EXTRACTED MATERIAL START

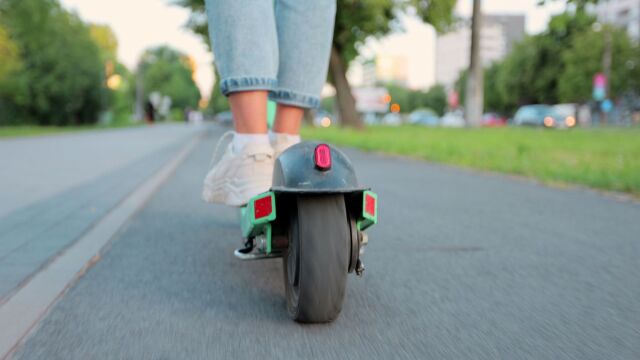 Θεσσαλονίκη: Δύο υποθέσεις κλοπών ηλεκτρικών πατινιών και ρούχων με πρωταγωνιστές ανηλίκους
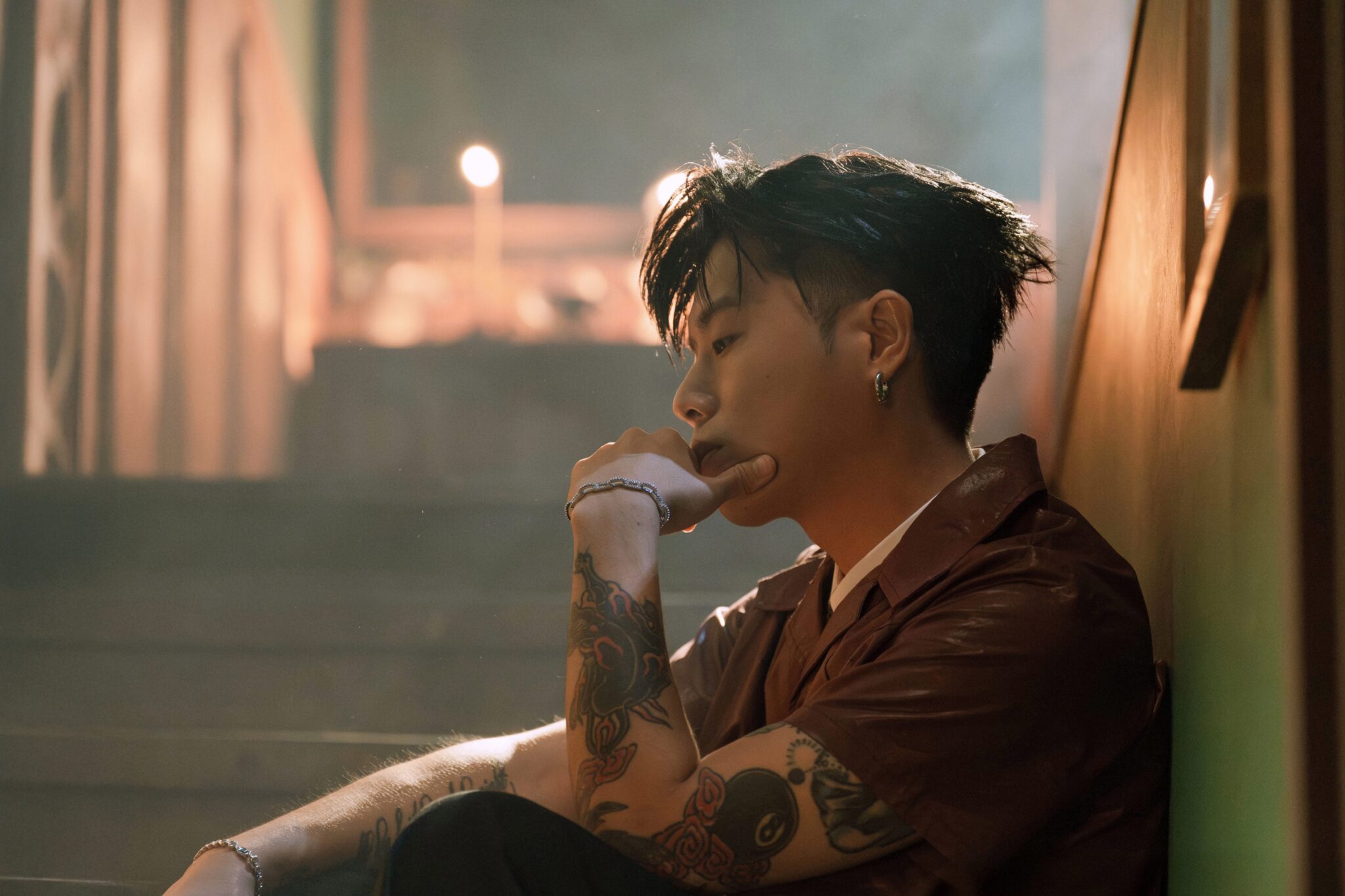 HowZ 大膽挑戰道德紅線 把「老王心事」唱到骨子裡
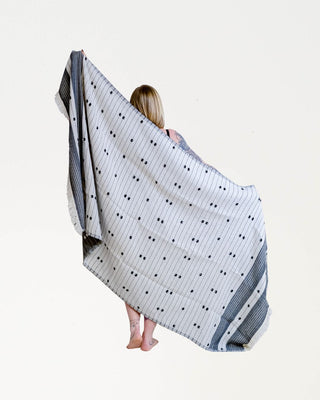 Hamam-pyyhe Poijut Musta-Valkoinen ripustuslenkillä, 100% puuvillaa, 175x100cm, 300g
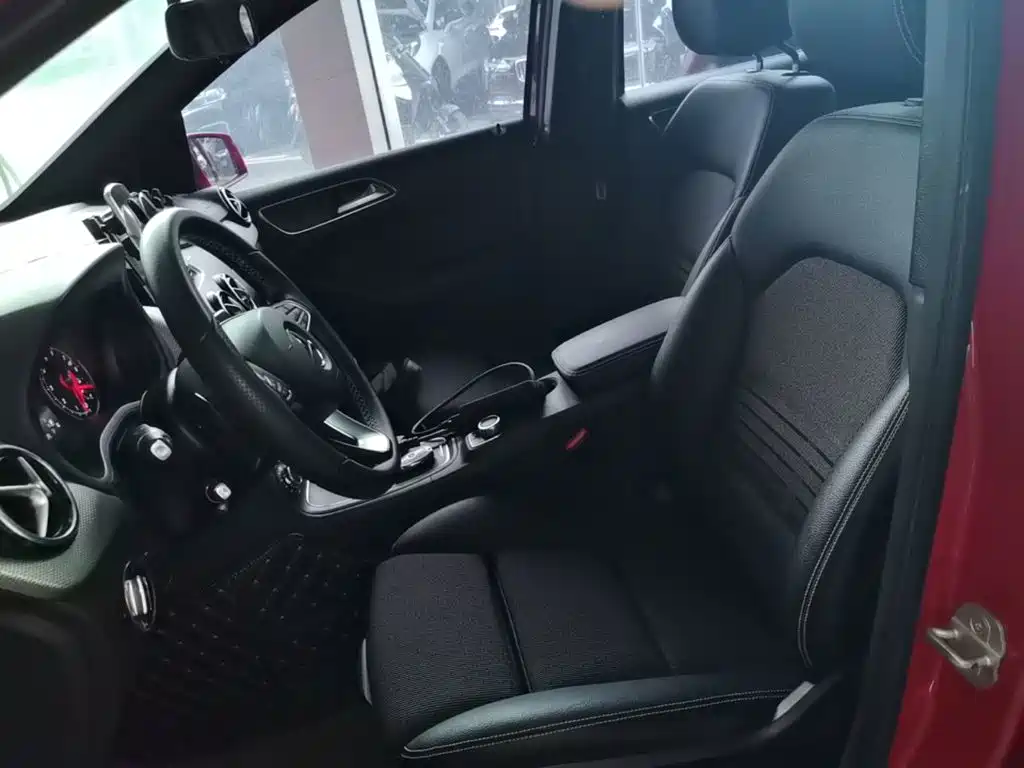 Mercedes-Benz B-Class — миниатюра 11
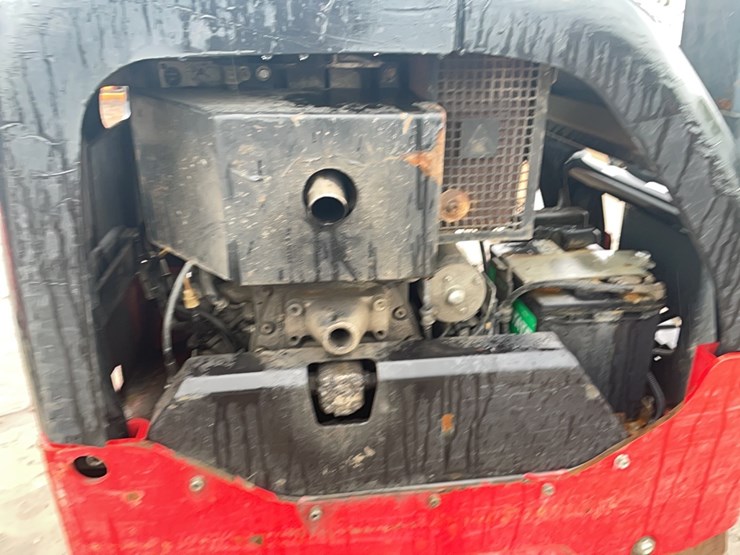 2017-atlas-copco-mv500-reversible-plate-compactor-support-equipment-sn:bgf120410-image-2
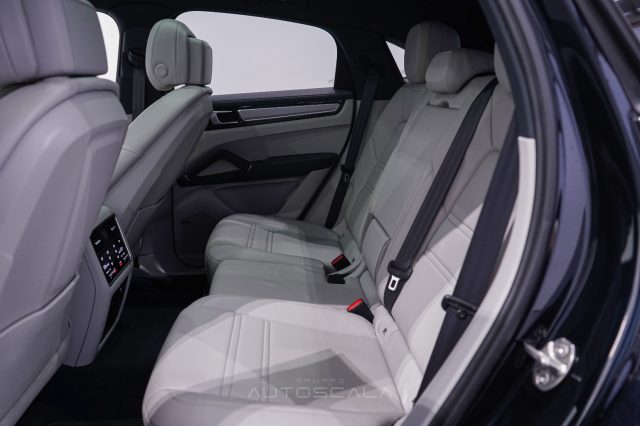PORSCHE Cayenne usata, con Android Auto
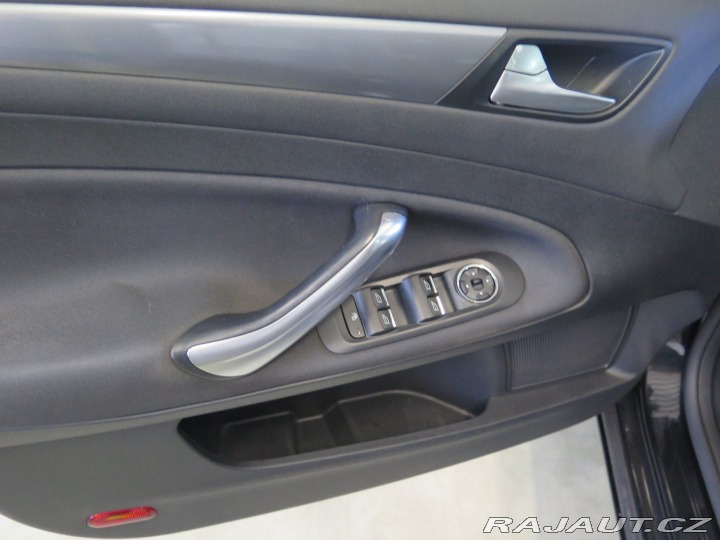 Ford Mondeo 2.0i,navi,klima,výhřev,se 2010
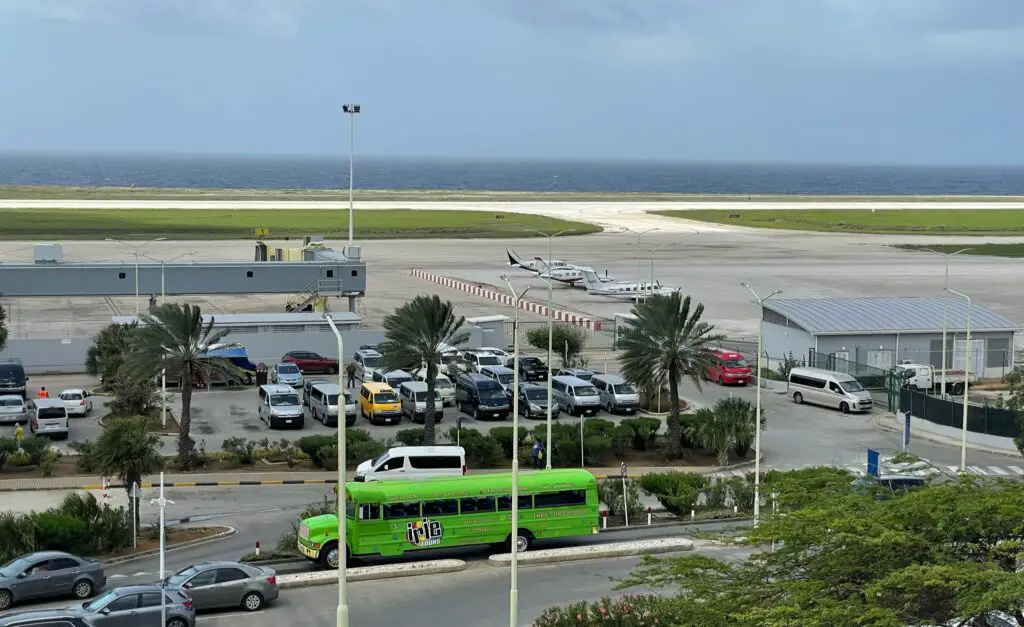 Bus - Curaçao - Airport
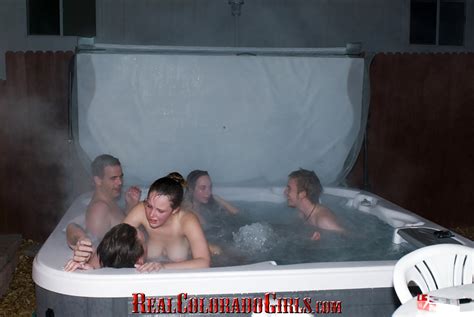 Hot Tub Swinger Orgy 13 Pics Xhamster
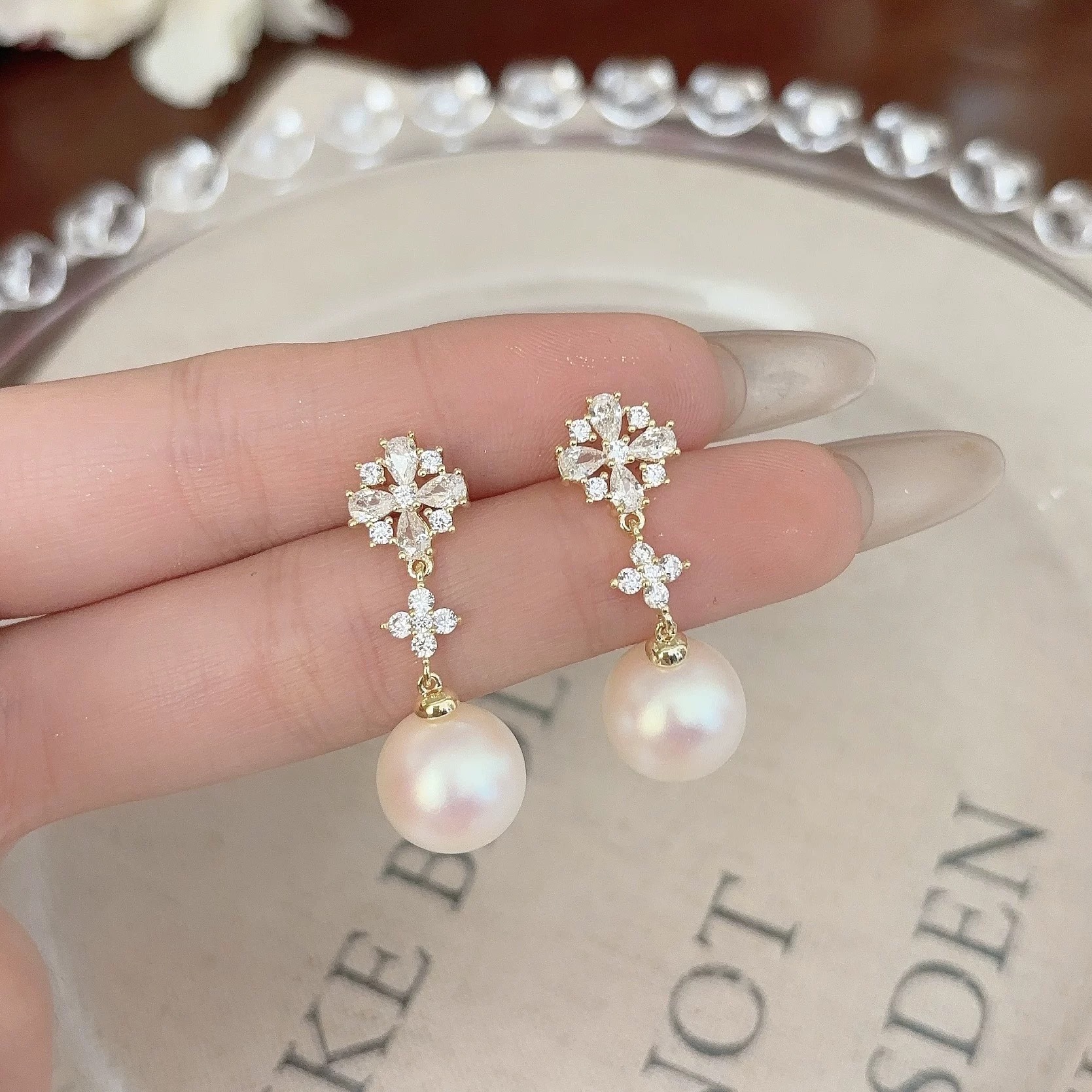 46# gold rhinestone pearl pendant earrings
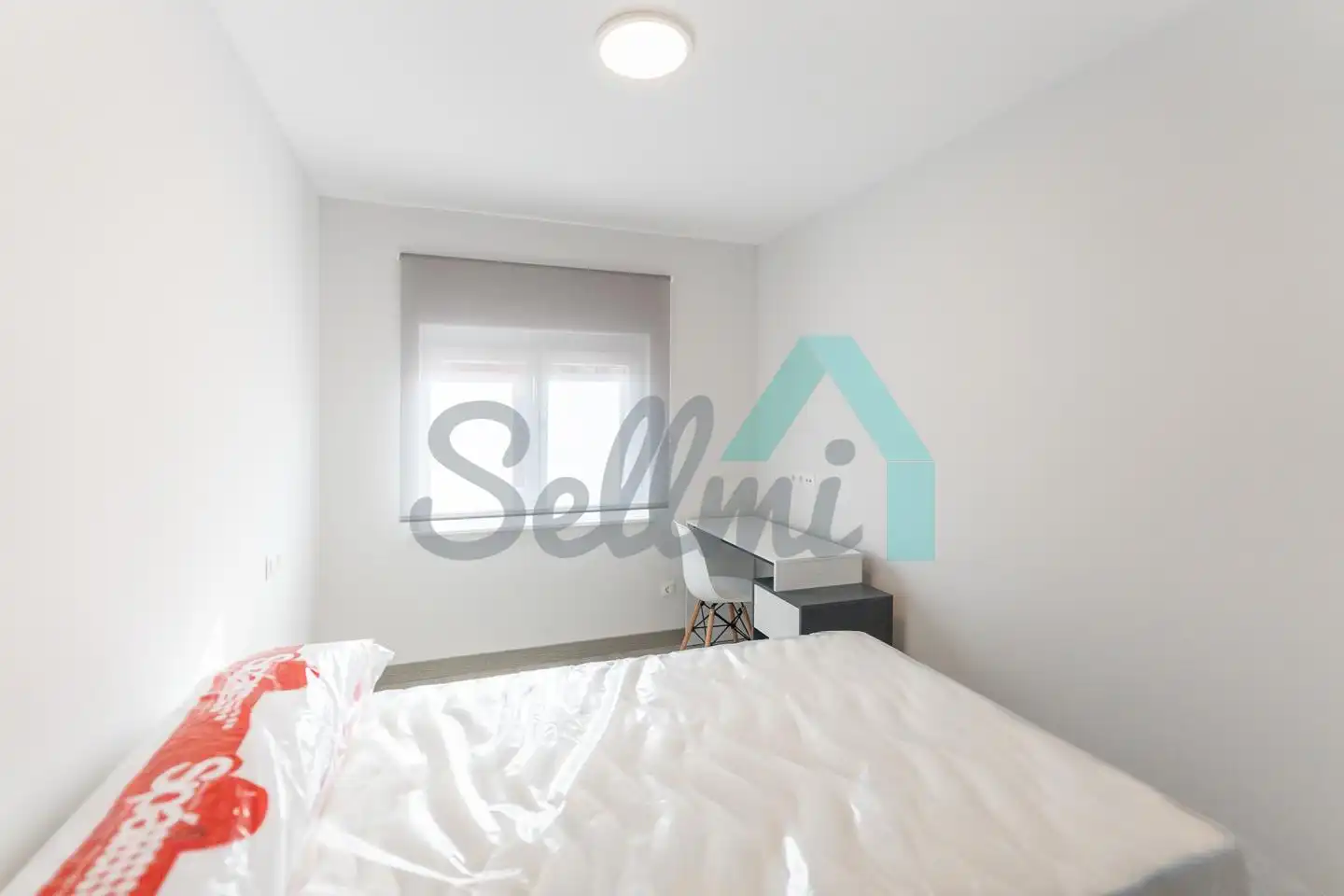 Bedroom of Flat for share in Oviedo   with Heating, Furnished and Internet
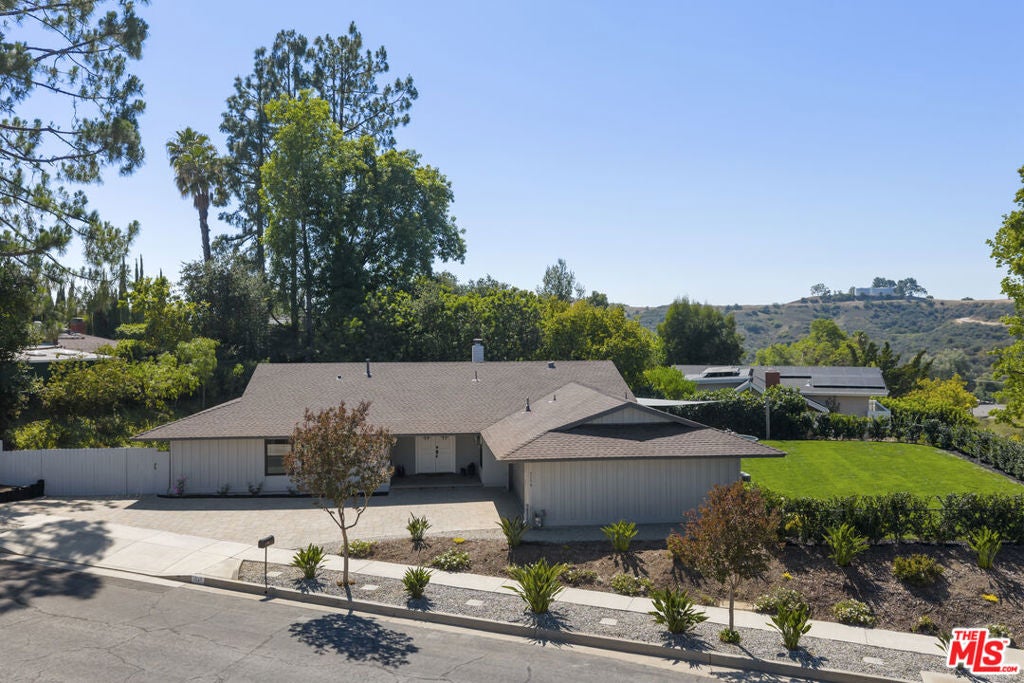 3159 Voltaire Drive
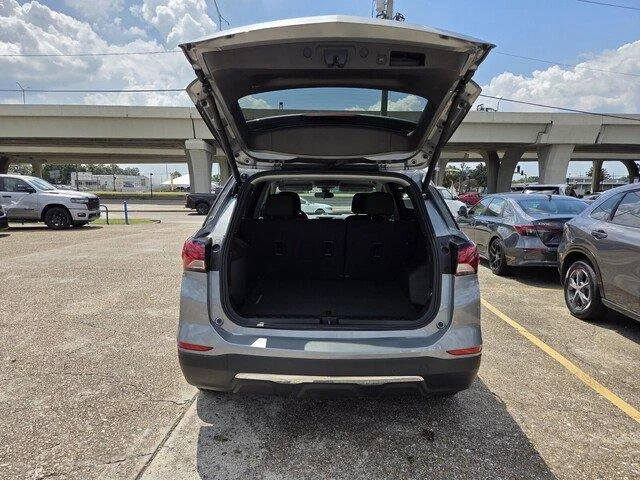 Used 2024 Sterling Gray Metallic Chevrolet LT image 27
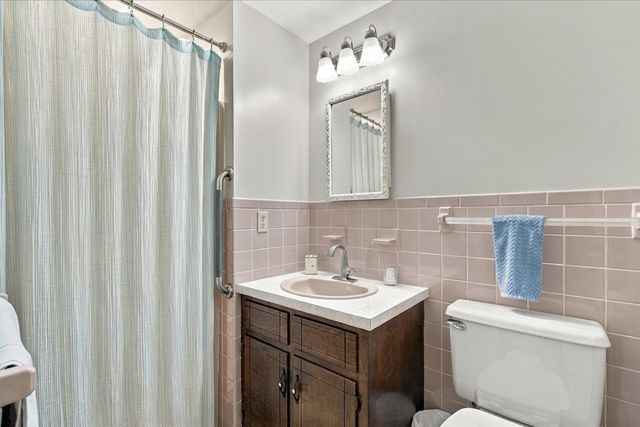 402 Prince Hinckley Rd, Barnstable, MA 02632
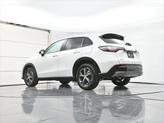 Thumbnail of 2025 Platinum White Pearl Honda HR-V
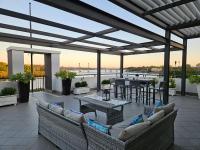 Breathtaking Waterfront Penthouse with Big Terrace nr Olympic Park and Free parking - Chambres d'hôtes Sydney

EXTRACTED MATERIAL END

Nothing but the lines from the one holding "402 Prince Hinckley Rd, Barnstable, MA 02632" through the final line of the entries should be retyped, exactly as they stand and without pictures.

 402 Prince Hinckley Rd, Barnstable, MA 02632
 Thumbnail of 2025 Platinum White Pearl Honda HR-V
 Breathtaking Waterfront Penthouse with Big Terrace nr Olympic Park and Free parking - Chambres d'hôtes Sydney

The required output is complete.